- Opening Delimiter -

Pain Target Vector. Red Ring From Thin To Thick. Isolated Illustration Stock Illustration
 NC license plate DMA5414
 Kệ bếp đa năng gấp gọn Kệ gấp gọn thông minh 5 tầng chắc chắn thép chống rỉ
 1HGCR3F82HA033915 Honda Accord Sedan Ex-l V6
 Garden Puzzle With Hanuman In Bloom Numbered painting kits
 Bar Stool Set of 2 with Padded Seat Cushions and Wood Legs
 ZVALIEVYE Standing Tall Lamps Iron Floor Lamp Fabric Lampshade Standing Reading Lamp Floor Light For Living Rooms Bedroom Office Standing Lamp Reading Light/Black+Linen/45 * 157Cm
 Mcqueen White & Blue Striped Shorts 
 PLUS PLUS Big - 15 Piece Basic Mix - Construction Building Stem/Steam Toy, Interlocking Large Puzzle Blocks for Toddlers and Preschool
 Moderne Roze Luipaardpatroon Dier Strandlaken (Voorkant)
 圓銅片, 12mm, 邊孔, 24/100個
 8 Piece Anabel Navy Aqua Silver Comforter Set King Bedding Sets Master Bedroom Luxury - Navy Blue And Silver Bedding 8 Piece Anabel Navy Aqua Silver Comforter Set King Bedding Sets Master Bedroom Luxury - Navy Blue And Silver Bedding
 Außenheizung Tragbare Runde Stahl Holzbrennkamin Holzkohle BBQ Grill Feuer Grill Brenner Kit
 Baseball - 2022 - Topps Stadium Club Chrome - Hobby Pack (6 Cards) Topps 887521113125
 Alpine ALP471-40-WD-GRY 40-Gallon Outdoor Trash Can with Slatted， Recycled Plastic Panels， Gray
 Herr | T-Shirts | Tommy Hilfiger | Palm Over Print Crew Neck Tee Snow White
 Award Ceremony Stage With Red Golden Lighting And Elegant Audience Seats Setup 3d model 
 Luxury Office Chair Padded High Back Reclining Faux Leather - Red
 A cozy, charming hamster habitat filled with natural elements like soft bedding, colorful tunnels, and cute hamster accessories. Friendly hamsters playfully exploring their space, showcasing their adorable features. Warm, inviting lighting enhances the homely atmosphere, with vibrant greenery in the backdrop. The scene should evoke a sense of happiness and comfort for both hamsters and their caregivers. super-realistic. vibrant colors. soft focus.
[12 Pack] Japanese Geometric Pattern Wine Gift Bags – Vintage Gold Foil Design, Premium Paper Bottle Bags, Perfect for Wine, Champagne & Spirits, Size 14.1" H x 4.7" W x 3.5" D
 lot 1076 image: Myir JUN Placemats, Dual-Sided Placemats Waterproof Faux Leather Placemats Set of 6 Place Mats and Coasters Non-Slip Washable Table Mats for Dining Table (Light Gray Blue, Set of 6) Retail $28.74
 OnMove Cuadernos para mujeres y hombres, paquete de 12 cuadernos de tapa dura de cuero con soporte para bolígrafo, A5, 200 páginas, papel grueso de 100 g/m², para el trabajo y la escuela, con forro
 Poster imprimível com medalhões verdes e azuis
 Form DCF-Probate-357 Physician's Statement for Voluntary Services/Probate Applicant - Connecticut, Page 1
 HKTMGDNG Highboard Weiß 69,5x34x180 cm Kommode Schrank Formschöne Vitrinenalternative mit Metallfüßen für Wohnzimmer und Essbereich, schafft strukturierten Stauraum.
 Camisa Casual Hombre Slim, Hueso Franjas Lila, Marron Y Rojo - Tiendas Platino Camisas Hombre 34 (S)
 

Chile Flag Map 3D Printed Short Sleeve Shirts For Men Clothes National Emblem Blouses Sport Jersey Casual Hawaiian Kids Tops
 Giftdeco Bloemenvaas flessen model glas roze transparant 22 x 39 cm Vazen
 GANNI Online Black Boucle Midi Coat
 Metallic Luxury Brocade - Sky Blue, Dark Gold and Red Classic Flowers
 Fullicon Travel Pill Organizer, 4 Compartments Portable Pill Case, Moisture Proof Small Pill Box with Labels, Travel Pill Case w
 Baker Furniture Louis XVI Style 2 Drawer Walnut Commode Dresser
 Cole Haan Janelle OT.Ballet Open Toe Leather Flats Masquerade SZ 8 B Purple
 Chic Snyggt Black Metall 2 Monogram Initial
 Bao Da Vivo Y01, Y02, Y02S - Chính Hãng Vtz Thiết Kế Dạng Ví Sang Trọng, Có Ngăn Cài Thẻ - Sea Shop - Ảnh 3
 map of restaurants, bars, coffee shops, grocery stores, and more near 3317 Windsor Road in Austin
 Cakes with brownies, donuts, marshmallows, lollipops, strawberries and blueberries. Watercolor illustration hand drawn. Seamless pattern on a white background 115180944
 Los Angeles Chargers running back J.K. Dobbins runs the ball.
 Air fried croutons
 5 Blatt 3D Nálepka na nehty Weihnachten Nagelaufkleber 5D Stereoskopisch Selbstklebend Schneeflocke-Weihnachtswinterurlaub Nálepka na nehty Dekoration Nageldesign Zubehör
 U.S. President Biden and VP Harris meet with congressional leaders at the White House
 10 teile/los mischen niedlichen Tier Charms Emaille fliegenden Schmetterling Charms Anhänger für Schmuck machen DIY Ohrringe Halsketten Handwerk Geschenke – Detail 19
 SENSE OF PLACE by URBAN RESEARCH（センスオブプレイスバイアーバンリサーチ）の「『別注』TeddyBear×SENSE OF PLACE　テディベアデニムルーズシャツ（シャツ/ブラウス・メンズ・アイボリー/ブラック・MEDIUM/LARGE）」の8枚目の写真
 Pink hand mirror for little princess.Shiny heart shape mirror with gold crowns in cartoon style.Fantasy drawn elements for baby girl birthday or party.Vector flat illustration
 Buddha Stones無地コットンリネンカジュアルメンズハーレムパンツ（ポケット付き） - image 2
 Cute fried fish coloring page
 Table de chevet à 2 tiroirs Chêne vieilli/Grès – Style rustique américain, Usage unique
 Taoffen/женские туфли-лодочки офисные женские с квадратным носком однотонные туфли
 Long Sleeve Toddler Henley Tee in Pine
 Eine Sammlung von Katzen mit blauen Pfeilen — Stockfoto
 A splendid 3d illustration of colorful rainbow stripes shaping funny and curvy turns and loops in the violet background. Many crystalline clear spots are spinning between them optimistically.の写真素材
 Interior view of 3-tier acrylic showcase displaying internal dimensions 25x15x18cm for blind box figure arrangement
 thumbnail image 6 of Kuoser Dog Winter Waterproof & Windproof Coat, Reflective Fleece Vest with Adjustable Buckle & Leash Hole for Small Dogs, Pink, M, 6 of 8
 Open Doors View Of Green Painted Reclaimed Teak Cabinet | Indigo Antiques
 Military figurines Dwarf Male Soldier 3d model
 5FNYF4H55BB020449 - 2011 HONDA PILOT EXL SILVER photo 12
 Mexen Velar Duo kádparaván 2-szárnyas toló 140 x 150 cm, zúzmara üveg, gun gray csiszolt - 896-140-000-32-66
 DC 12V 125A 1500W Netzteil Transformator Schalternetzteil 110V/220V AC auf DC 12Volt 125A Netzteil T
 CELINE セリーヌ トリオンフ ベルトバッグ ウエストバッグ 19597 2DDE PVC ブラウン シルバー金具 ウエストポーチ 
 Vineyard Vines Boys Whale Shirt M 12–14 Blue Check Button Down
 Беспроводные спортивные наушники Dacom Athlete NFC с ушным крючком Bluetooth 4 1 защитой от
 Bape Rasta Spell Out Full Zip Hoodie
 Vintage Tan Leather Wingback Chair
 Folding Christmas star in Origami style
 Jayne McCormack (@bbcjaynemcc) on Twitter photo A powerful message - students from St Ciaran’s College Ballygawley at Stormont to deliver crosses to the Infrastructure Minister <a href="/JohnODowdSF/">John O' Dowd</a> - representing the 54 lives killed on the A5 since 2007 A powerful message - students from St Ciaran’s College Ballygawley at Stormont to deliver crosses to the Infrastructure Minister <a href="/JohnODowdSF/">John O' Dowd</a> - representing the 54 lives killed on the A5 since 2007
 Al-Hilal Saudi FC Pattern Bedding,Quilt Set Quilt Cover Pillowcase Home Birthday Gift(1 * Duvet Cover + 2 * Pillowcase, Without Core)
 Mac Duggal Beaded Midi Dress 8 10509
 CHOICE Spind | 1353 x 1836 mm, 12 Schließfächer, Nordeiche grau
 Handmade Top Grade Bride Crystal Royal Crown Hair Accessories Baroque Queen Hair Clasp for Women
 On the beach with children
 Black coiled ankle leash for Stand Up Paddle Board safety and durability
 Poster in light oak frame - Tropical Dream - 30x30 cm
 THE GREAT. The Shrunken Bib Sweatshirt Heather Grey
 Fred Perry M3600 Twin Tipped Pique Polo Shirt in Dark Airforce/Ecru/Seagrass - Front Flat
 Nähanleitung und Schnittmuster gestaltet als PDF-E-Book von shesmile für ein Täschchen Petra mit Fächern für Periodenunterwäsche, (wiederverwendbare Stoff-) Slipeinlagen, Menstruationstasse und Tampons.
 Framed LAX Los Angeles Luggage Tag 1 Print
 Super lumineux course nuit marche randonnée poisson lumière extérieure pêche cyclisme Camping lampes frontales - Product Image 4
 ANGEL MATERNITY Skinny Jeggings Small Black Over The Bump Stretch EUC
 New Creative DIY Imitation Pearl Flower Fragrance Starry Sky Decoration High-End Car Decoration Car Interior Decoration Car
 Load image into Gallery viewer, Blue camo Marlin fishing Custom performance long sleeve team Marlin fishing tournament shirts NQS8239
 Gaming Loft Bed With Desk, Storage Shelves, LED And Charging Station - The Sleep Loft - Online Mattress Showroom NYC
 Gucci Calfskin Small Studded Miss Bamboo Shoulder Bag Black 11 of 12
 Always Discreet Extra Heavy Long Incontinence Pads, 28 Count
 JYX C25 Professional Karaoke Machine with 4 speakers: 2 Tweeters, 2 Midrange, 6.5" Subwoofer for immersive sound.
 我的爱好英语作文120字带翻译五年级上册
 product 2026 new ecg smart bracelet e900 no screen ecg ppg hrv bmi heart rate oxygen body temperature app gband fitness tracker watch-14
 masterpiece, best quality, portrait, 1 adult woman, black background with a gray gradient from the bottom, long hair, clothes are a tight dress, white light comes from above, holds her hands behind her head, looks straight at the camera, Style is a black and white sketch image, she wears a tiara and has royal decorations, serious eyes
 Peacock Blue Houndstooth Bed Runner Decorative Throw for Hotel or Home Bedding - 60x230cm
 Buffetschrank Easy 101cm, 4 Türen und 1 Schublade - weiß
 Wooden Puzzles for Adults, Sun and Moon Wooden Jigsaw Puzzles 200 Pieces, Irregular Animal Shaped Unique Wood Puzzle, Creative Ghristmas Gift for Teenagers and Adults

- Closing Delimiter -

Problem to solve
Whenever a line in the entries above includes the word "elements", pull that line out.

Answer box
 A cozy, charming hamster habitat filled with natural elements like soft bedding, colorful tunnels, and cute hamster accessories. Friendly hamsters playfully exploring their space, showcasing their adorable features. Warm, inviting lighting enhances the homely atmosphere, with vibrant greenery in the backdrop. The scene should evoke a sense of happiness and comfort for both hamsters and their caregivers. super-realistic. vibrant colors. soft focus.
 Pink hand mirror for little princess.Shiny heart shape mirror with gold crowns in cartoon style.Fantasy drawn elements for baby girl birthday or party.Vector flat illustration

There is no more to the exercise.